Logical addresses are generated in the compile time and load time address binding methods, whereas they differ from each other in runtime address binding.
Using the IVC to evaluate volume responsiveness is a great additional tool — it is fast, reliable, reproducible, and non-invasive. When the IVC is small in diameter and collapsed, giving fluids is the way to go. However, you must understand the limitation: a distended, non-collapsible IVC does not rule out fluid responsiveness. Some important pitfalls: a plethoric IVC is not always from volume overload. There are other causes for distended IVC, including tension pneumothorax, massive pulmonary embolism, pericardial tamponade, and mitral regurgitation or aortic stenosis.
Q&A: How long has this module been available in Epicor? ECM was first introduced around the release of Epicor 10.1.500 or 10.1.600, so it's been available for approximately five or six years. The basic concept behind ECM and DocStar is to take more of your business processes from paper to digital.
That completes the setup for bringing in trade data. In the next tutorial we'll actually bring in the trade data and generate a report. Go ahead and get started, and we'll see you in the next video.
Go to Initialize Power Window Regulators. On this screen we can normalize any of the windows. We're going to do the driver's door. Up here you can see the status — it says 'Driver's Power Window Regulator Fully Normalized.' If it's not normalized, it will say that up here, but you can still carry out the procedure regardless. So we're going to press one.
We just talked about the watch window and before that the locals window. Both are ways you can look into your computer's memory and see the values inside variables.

######

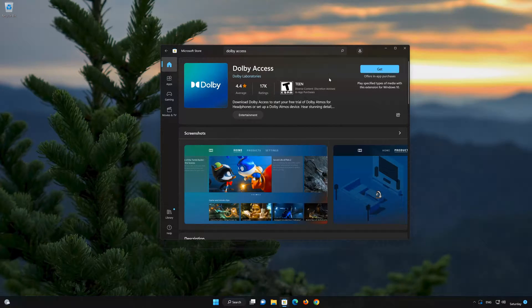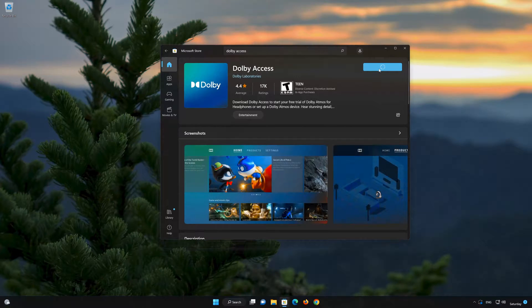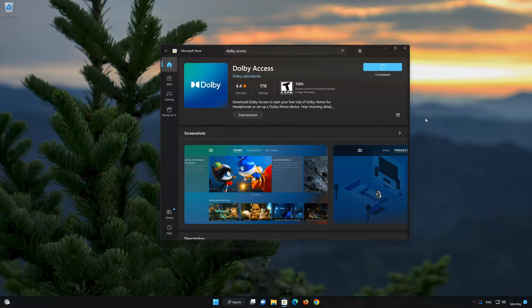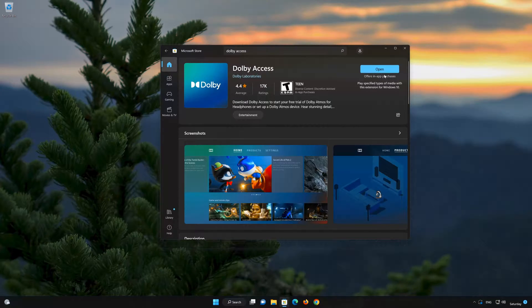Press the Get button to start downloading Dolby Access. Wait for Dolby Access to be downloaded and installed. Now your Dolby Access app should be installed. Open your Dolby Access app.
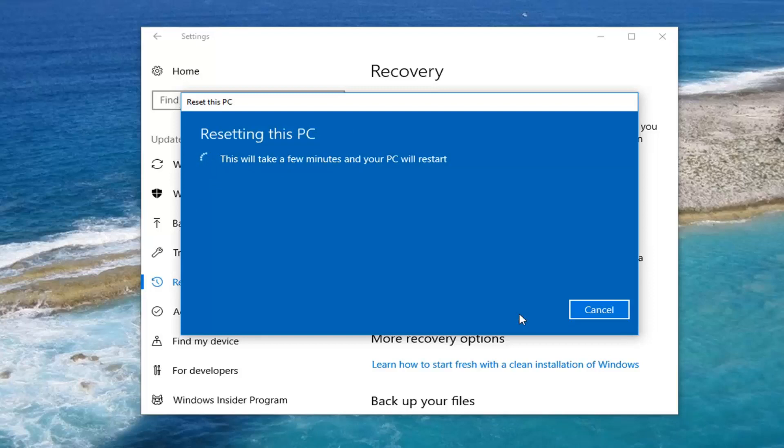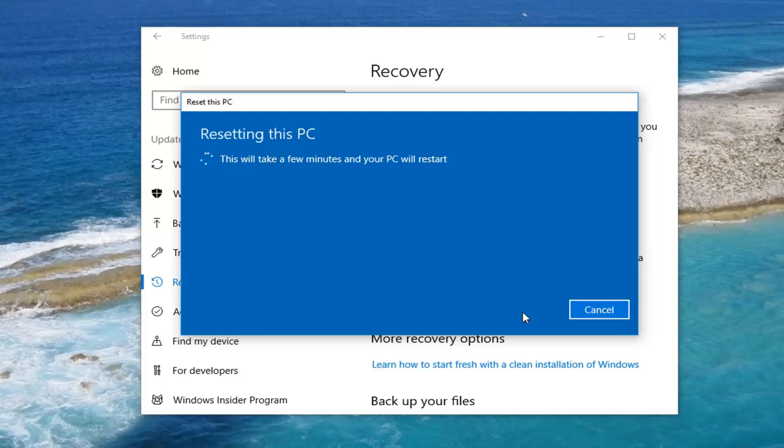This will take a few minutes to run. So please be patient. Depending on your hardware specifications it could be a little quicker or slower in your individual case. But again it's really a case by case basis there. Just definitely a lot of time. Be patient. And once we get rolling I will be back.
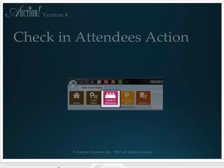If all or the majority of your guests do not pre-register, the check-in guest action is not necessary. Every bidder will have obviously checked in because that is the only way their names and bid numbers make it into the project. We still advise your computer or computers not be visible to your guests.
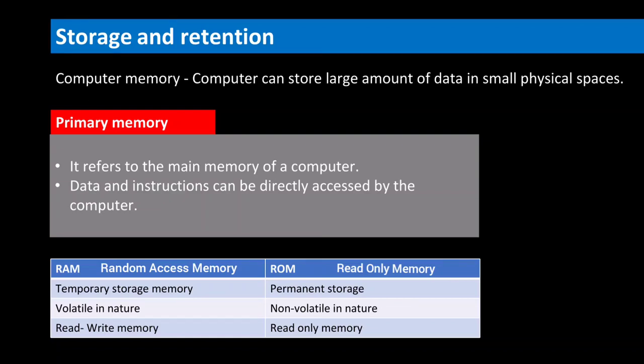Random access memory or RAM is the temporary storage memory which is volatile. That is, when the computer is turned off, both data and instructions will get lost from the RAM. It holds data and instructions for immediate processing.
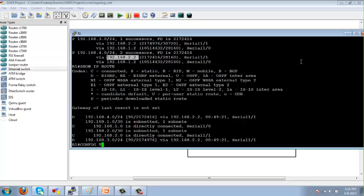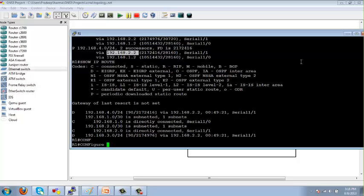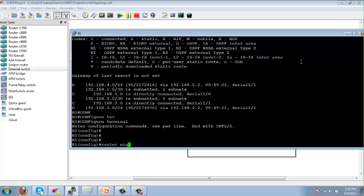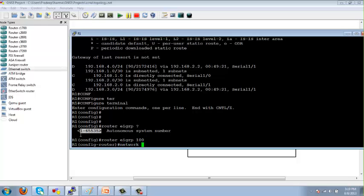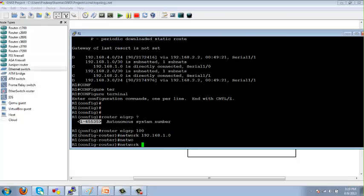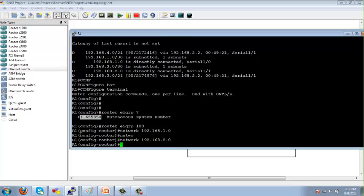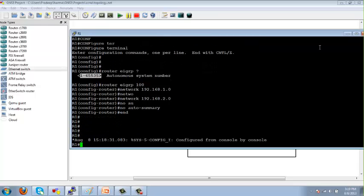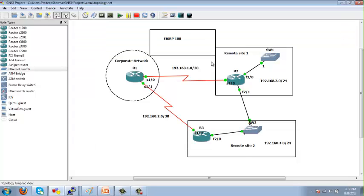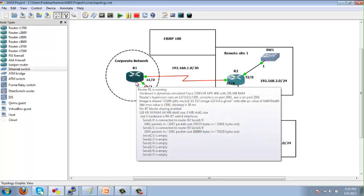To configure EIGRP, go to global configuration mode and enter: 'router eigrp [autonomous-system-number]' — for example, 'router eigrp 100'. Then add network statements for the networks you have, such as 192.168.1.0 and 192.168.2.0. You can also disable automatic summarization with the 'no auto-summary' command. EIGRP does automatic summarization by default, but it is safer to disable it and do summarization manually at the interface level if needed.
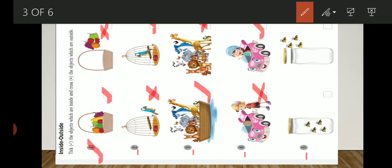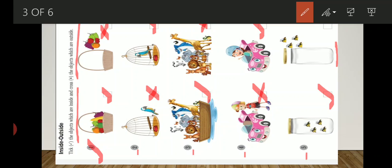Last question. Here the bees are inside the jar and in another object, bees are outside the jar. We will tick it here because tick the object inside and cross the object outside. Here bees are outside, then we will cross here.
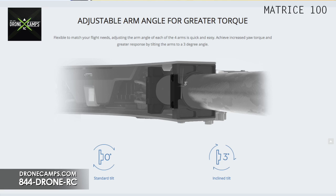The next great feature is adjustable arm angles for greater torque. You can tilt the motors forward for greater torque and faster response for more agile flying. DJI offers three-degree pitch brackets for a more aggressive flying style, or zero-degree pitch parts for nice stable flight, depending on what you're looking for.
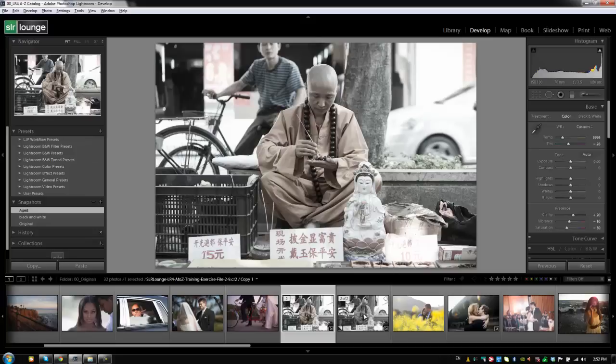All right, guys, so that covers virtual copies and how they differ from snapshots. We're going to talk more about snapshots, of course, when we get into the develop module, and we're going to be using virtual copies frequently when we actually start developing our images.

######

> [Exercise objective]:
In the listing above, find the line with "The next great" and the line with "All right, guys, so". Transcribe those two and everything between, exactly, leaving out pictures.

> [Expected answer]:
The next great feature is adjustable arm angles for greater torque. You can tilt the motors forward for greater torque and faster response for more agile flying. DJI offers three-degree pitch brackets for a more aggressive flying style, or zero-degree pitch parts for nice stable flight, depending on what you're looking for.
All right, guys, so that covers virtual copies and how they differ from snapshots. We're going to talk more about snapshots, of course, when we get into the develop module, and we're going to be using virtual copies frequently when we actually start developing our images.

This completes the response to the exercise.